The route towards green economies in Africa will therefore need to be approached from different angles beginning with the measurement of green economies, creating green institutions and developing sustainability frameworks.

Measuring green economies. Over the past 20 years, attempts have been made by governments around the world to measure green growth including experiments with green accounting, i.e. green gross domestic product. Since the launch of the UN’s Green Economy Initiative in October 2008, a vast amount of work has been done to further our understanding of how to measure a green economy. Much more, however, needs to be done. Africa’s greatest comparative advantage in a global economy that must eventually become green if we are to avert catastrophe is in its underdeveloped brown economies or lack of brown development. In this sense, the so-called Least Developed Countries are in the best position to develop something new.  

Creating green institutions. Institution building has always been seen as a prerequisite to African stability. However, African institutions must be designed and developed to meet the needs and challenges of the 21st century. The current institutions, inherited from the colonial powers, reflect the lack of understanding of Africa by foreigners and need to be rapidly restructured and updated. For instance, many countries do not even have a minister for environment whereas traditional (pre-colonial) African institutions, such as Elders, would put the environment central to survival. Without greener institutions the transition to a green and therefore sustainable economy in Africa will be impossible. 

Developing sustainability frameworks. Green growth plans will only work if there is a level playing field for investors. In other words green investors who include social and environmental costs in their accounting will be at a disadvantage to a brown investor who ignores such externalities. A suitable framework for beginning to think about green growth planning, particularly in Africa’s vast and sometimes remote and challenging areas, is the river basin. The river basin is an independent ecological unit where the actions (positive or negative) of one development affect the outcomes of others. The river basin in Africa is where traditional interdependency has been practiced for millennia and sustainability has been most successful. Integrated River basin Management (Meles Zenawi's broad spectrum approach) has been well developed over the past 20 years and is one of the best tools available to Africans for making green growth plans.

A glance at articles on the Economist website (six free articles a week allowed) shows that the global economy is entering another unknown unknown - a cooling down of the emerging economies after 15 years of unprecedented expansion which has driven global growth: ‘Welcome to the post-BRICS world’ (06/05); ‘When giants slow down’ (07/07); ‘The BRICS: Life after the boom’ (video 25/07); ‘Emerging economies - the Great Deceleration’ (27/07); ‘Catching up is hard to do’ (31/07).

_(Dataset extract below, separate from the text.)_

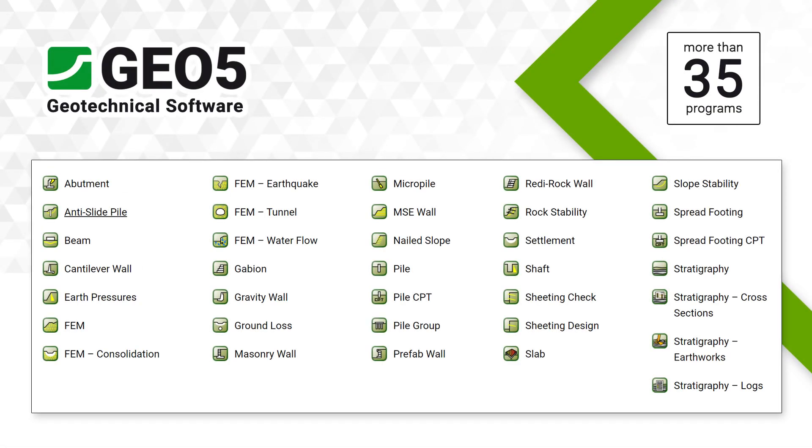This video shows the basics of working in Geo5 programs, which applies to all Geo5 programs in the Geo5 Suite.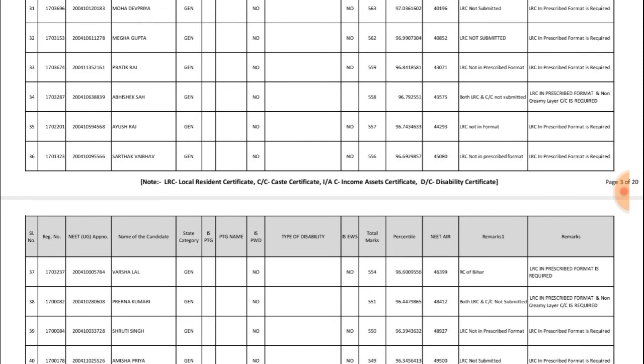New 2020 result. Thank you for watching. Keep supporting, keep watching.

In the recent on-line debate by the paper (20/08 – 31/08): ‘The BRIC economies – is the fastest period of emerging market growth behind us?’ 59 per cent of voters thought YES it is over and 41 per cent thought NO.

Although there is a general belief that the emerging economies are slowing there is no fear yet of them crashing like they did in the Asian financial crisis of 1997. These countries are much better prepared. But is Africa prepared for a such a slow down? Although there was a temporary respite for the emerging economies in September due to the US Federal Reserve keeping the printing presses running, what happens when the tapering of QE3 finally begins and Africa's new partners take another, bigger hit? What happens if China, on whom Africa depends so much, has the much-feared 'hard landing'?

Perhaps the most important question we should all be asking is whether Africa, through a series of coordinated and integrated green growth plans, can become a green growth engine the global economy urgently needs?